BEGIN

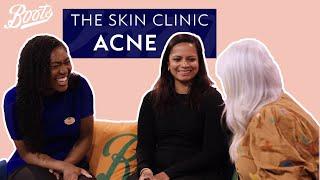 Everything you NEED to know about ACNE  | The Skin Clinic with Jo Hoare | Boots UK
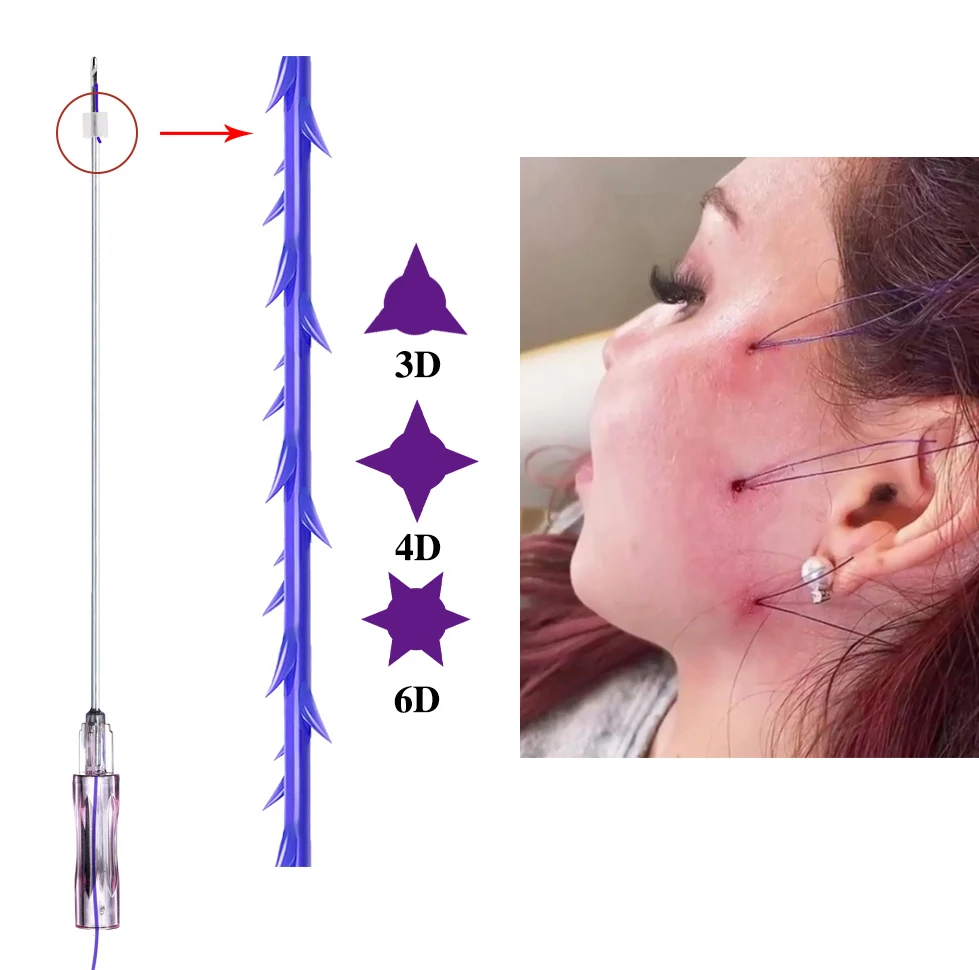 Ce Pdo Plla Pcl резьба подъемник носа моно винт Cog молдинг 4d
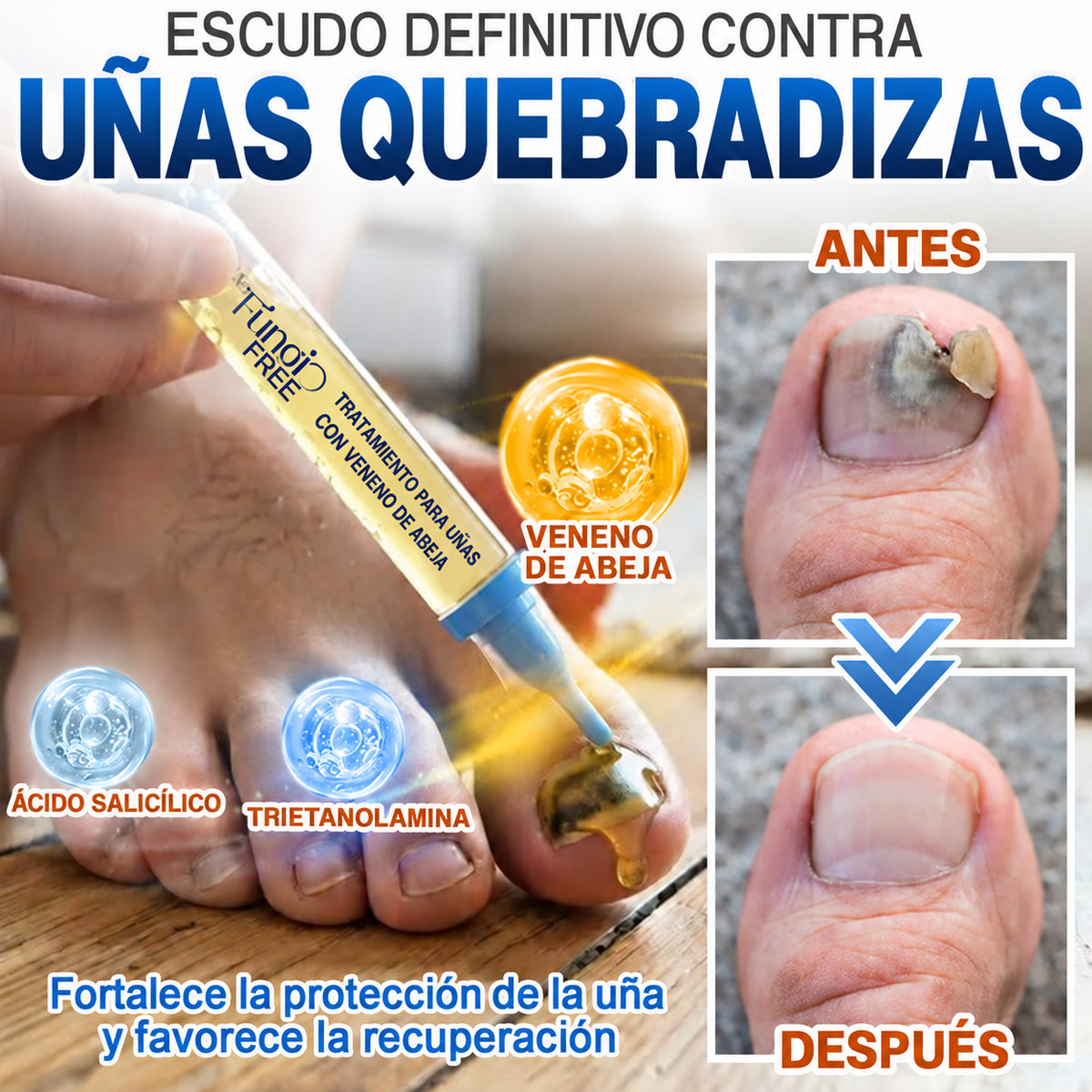 🇲🇽 Turonu® FungiFree 🐝 Cuidado Intensivo para Hongos, Uñas Amarillas, Gruesas y Quebradizas ✨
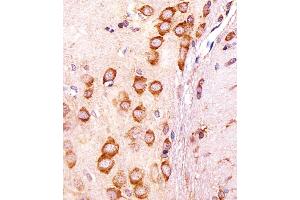 Immunohistochemical analysis of paraffin-embedded R.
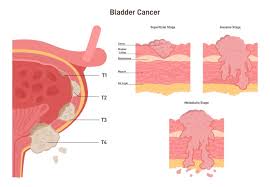 Image result for Bladder Cancer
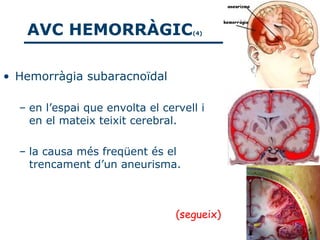 AVC HEMORRÀGIC                   (4)




• Hemorràgia subaracnoïdal

  – en l’espai que envolta el cervell i
    en el mateix teixit cerebral.

  – la causa més freqüent és el
    trencament d’un aneurisma.



                                 (segueix)
 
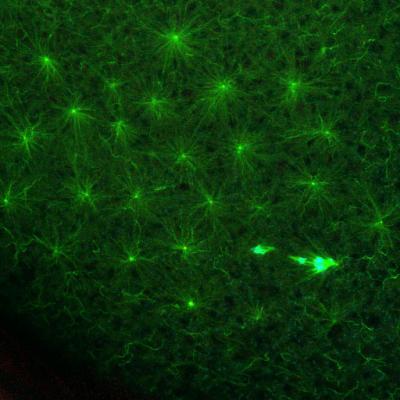 Oocyte with Centrioles Artificially Retained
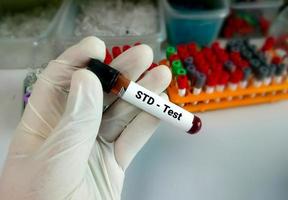 campione di sangue per test std, diagnosi di malattie sessualmente trasmissibili concetto medico e sanitario. foto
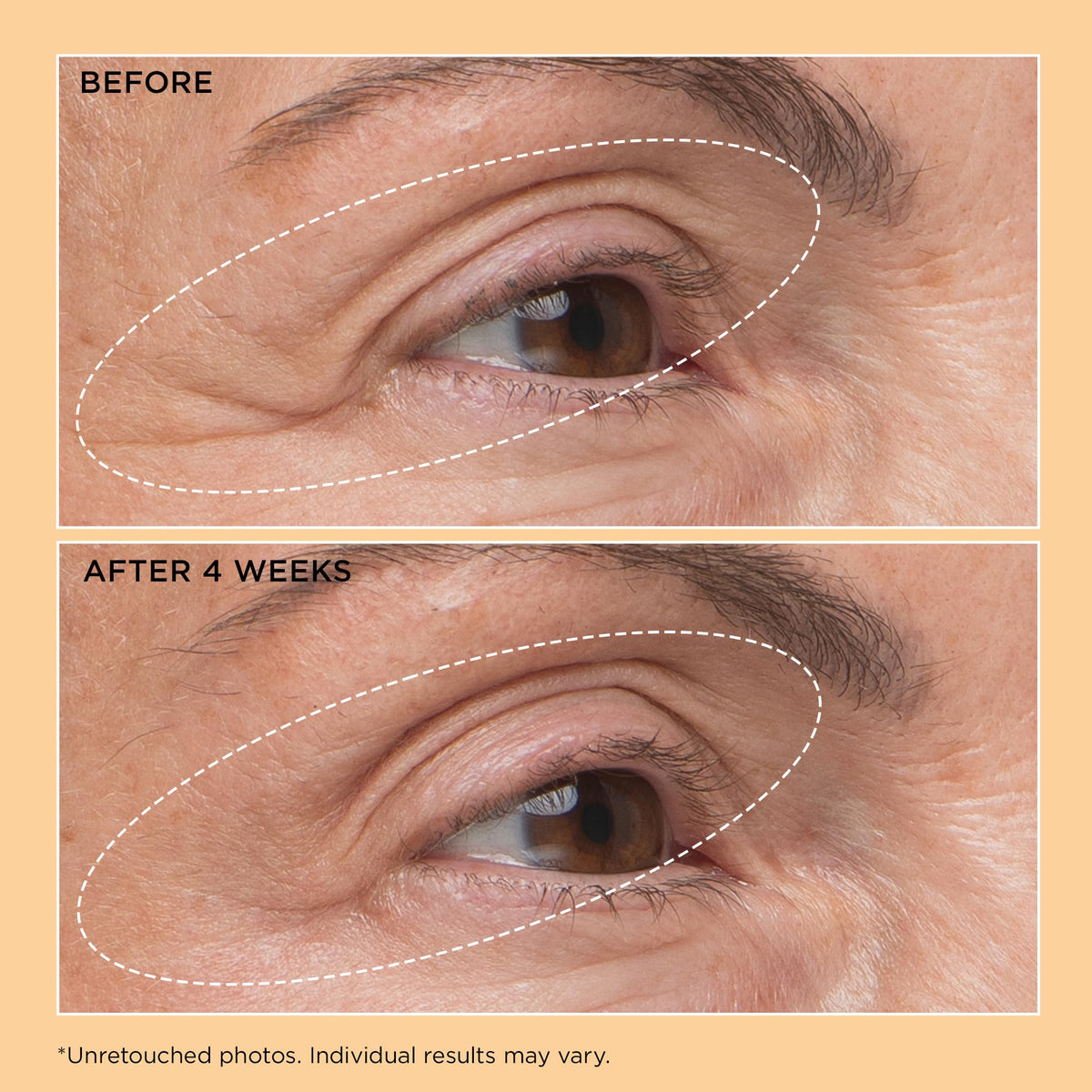 Perricone MD before and after visual illustrating improved eyelid texture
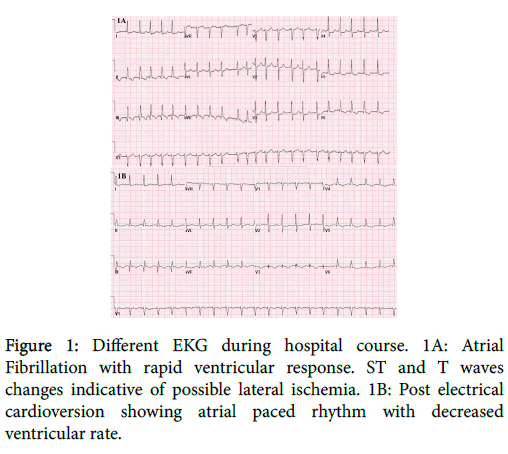 atrial fibrillation with rapid ventricular response icd 10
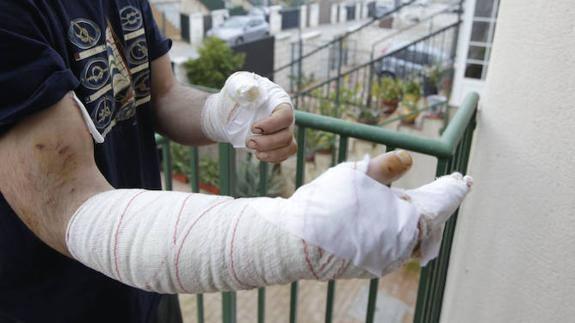 «El perro tenía dos disparos encima y seguía mordiéndome, hasta que le dieron el tercero»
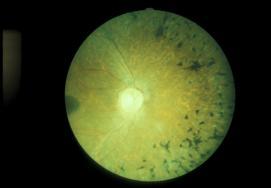 Retinitis Pigmentosa Caused by various hereditary retinal defects Degeneration of rod &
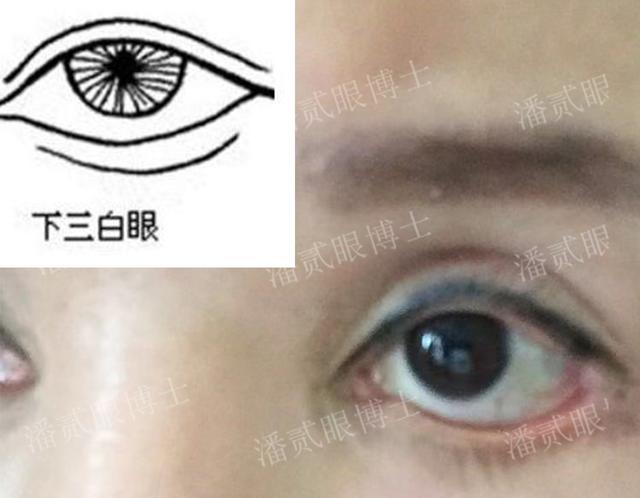 三白眼是什么意思，下三白眼的女人（下睑下至注意分寸）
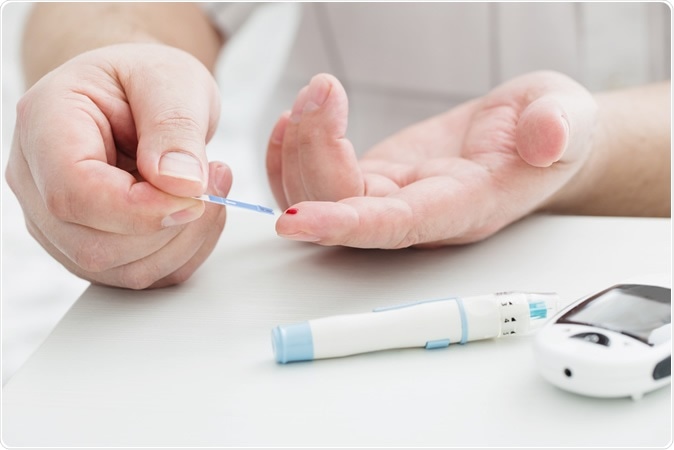 Image Credit: Maya Kruchankova / Shutterstock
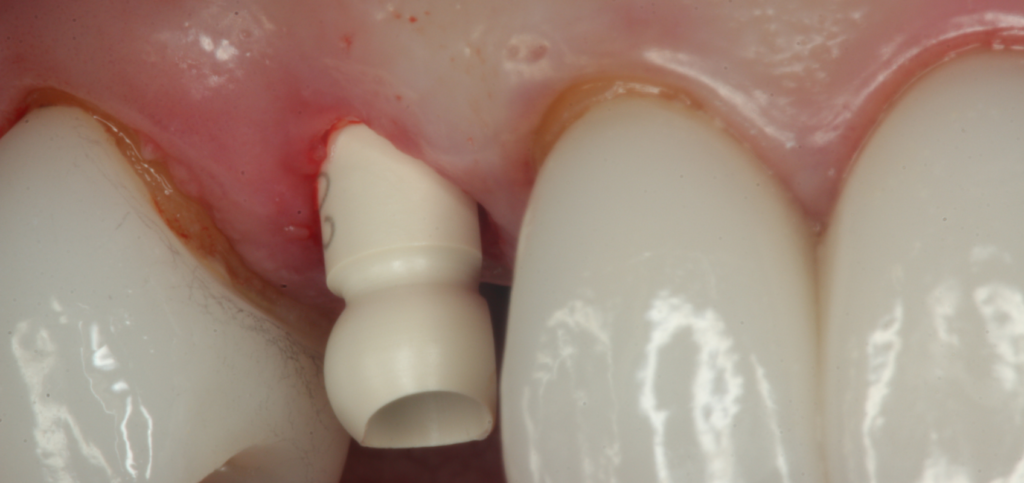 Scan body capturing implant position to design custom healing abutments in the esthetic zone.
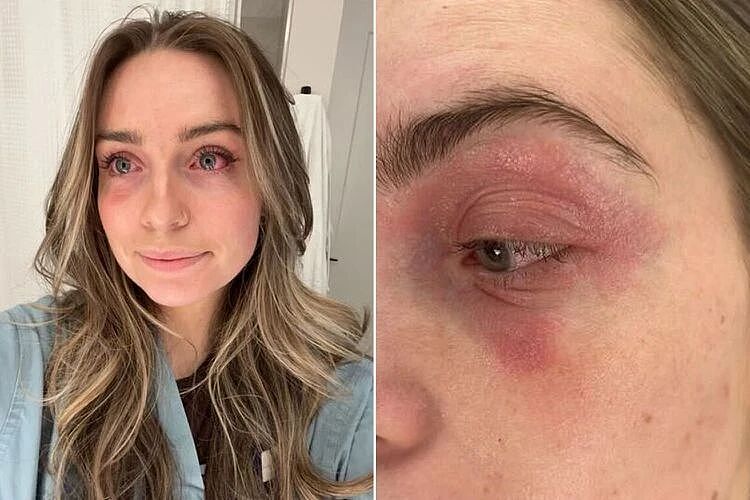 妹子莫名其妙病了6个月，一直找不到原因，直到她无意中摘下了耳朵上的劣质耳环...（组图） - 5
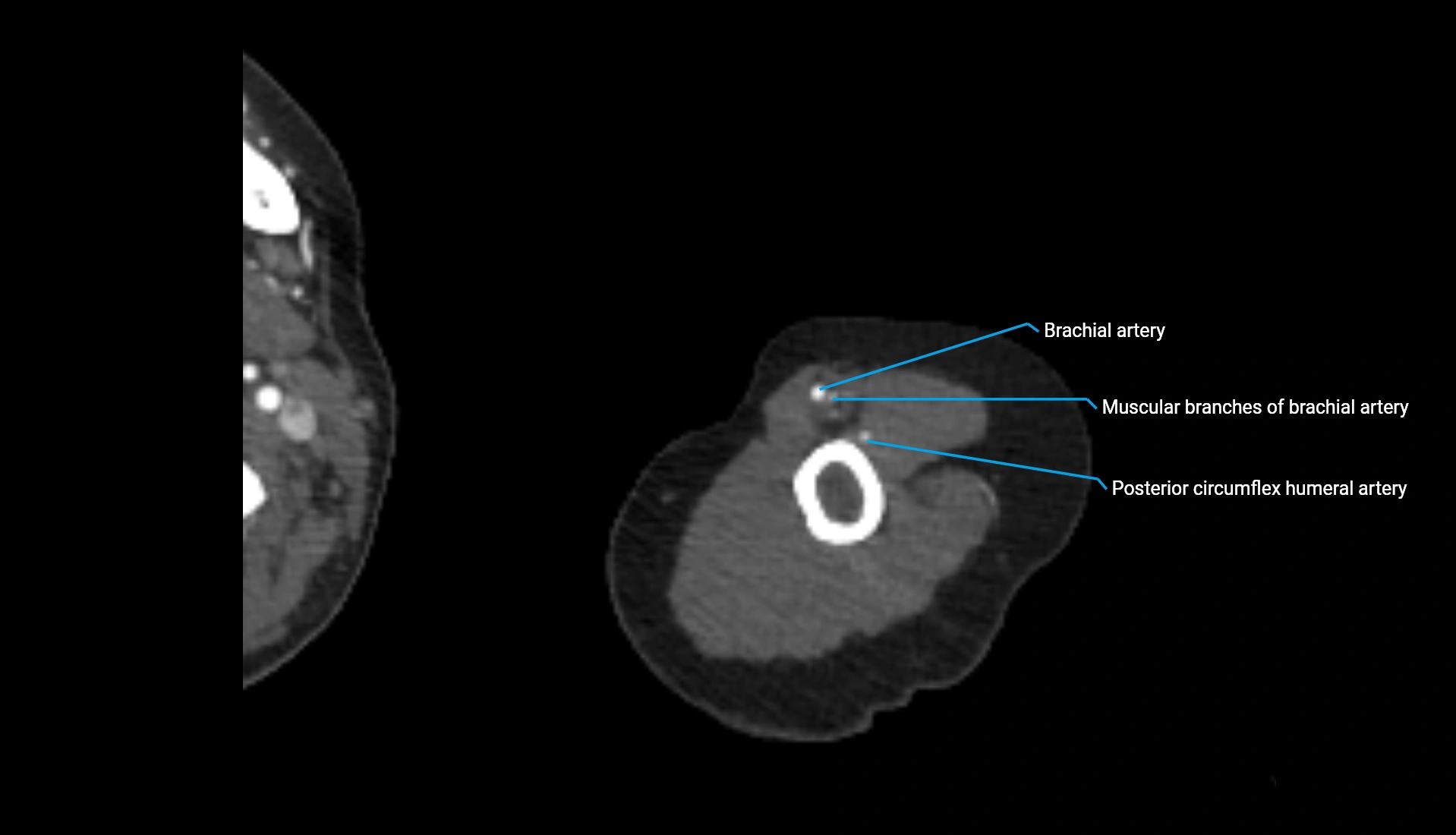 CTA upper limb axial cross sectional anatomy labelled image 296 (2).webp
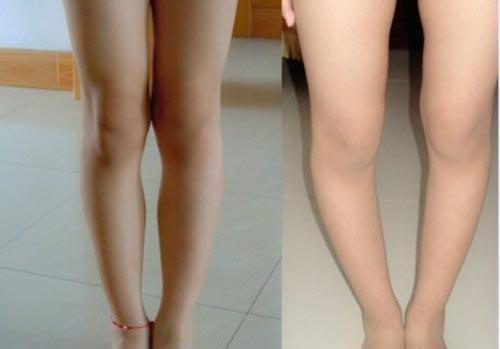 绑腿带对20岁矫正o型腿有用吗,1岁宝宝o型腿晚上睡觉绑腿有用吗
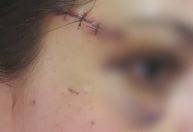 Policial atingida por disparos de Roberto Jefferson pede R$ 1 milhão de indenização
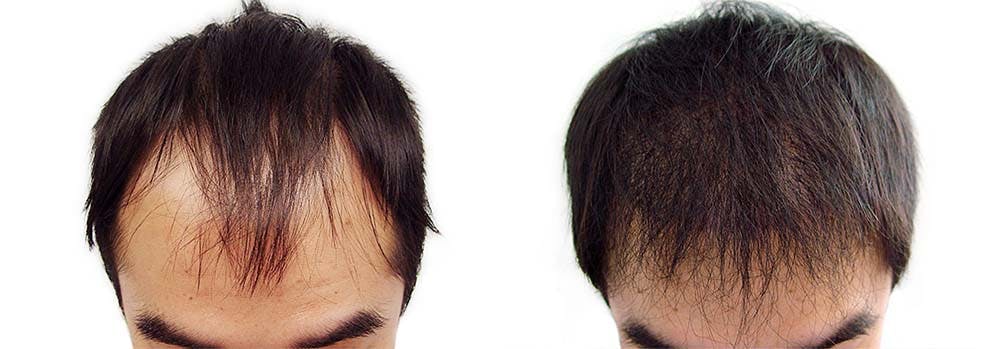 Hair Restoration Before & After Gallery - Patient 122106010 - Image 1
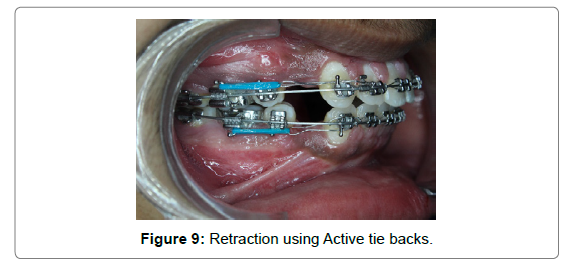 dental-health-current-research-Retraction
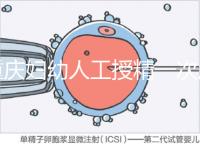 重慶婦幼人工授精一次成功率揭秘,移植費用貴有原因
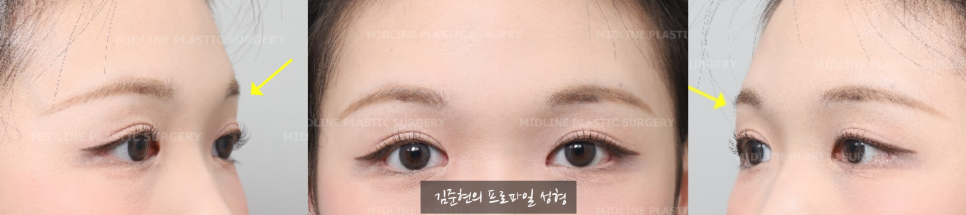 "아이홀뼈가 튀어나와서 보기 싫어요. " 아이홀뼈 절삭에 관하여 성형외과 전문의가 설명드립니다. 관련 이미지 8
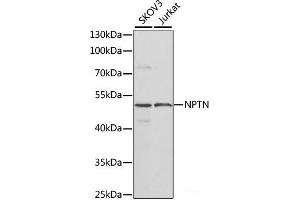 Western blot analysis of extracts of various cell lines using NPTN Polyclonal Antibody at dilution of 1:1000. (NPTN antibody)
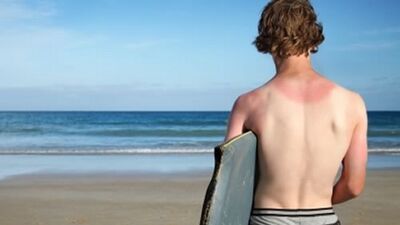 En tuhaf güneş yanıkları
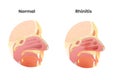 Normal nasal cavity versus rhinitis anatomy illustration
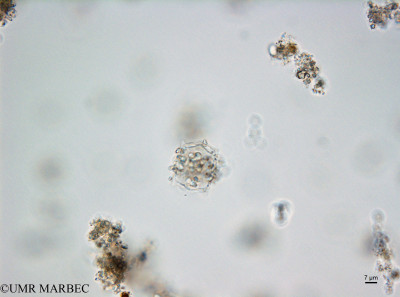 phyto/Bizerte/bizerte_bay/RISCO February 2015/Odontella sp2 (ancien Baie_T5_CW1_Odontella160128_001_ovl-4).tif(copy)_thumb.jpg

END

— Aim of the task —
Return every line shown above without changing a word, and skip the pictures.

— Exercise output —
 Everything you NEED to know about ACNE  | The Skin Clinic with Jo Hoare | Boots UK
 Ce Pdo Plla Pcl резьба подъемник носа моно винт Cog молдинг 4d
 🇲🇽 Turonu® FungiFree 🐝 Cuidado Intensivo para Hongos, Uñas Amarillas, Gruesas y Quebradizas ✨
 Immunohistochemical analysis of paraffin-embedded R.
 Image result for Bladder Cancer
 AVC HEMORRÀGIC                   (4)




• Hemorràgia subaracnoïdal

  – en l’espai que envolta el cervell i
    en el mateix teixit cerebral.

  – la causa més freqüent és el
    trencament d’un aneurisma.



                                 (segueix)
 
 Oocyte with Centrioles Artificially Retained
 campione di sangue per test std, diagnosi di malattie sessualmente trasmissibili concetto medico e sanitario. foto
 Perricone MD before and after visual illustrating improved eyelid texture
 atrial fibrillation with rapid ventricular response icd 10
 «El perro tenía dos disparos encima y seguía mordiéndome, hasta que le dieron el tercero»
 Retinitis Pigmentosa Caused by various hereditary retinal defects Degeneration of rod &
 三白眼是什么意思，下三白眼的女人（下睑下至注意分寸）
 Image Credit: Maya Kruchankova / Shutterstock
 Scan body capturing implant position to design custom healing abutments in the esthetic zone.
 妹子莫名其妙病了6个月，一直找不到原因，直到她无意中摘下了耳朵上的劣质耳环...（组图） - 5
 CTA upper limb axial cross sectional anatomy labelled image 296 (2).webp
 绑腿带对20岁矫正o型腿有用吗,1岁宝宝o型腿晚上睡觉绑腿有用吗
 Policial atingida por disparos de Roberto Jefferson pede R$ 1 milhão de indenização
 Hair Restoration Before & After Gallery - Patient 122106010 - Image 1
 dental-health-current-research-Retraction
 重慶婦幼人工授精一次成功率揭秘,移植費用貴有原因
 "아이홀뼈가 튀어나와서 보기 싫어요. " 아이홀뼈 절삭에 관하여 성형외과 전문의가 설명드립니다. 관련 이미지 8
 Western blot analysis of extracts of various cell lines using NPTN Polyclonal Antibody at dilution of 1:1000. (NPTN antibody)
 En tuhaf güneş yanıkları
 Normal nasal cavity versus rhinitis anatomy illustration
 phyto/Bizerte/bizerte_bay/RISCO February 2015/Odontella sp2 (ancien Baie_T5_CW1_Odontella160128_001_ovl-4).tif(copy)_thumb.jpg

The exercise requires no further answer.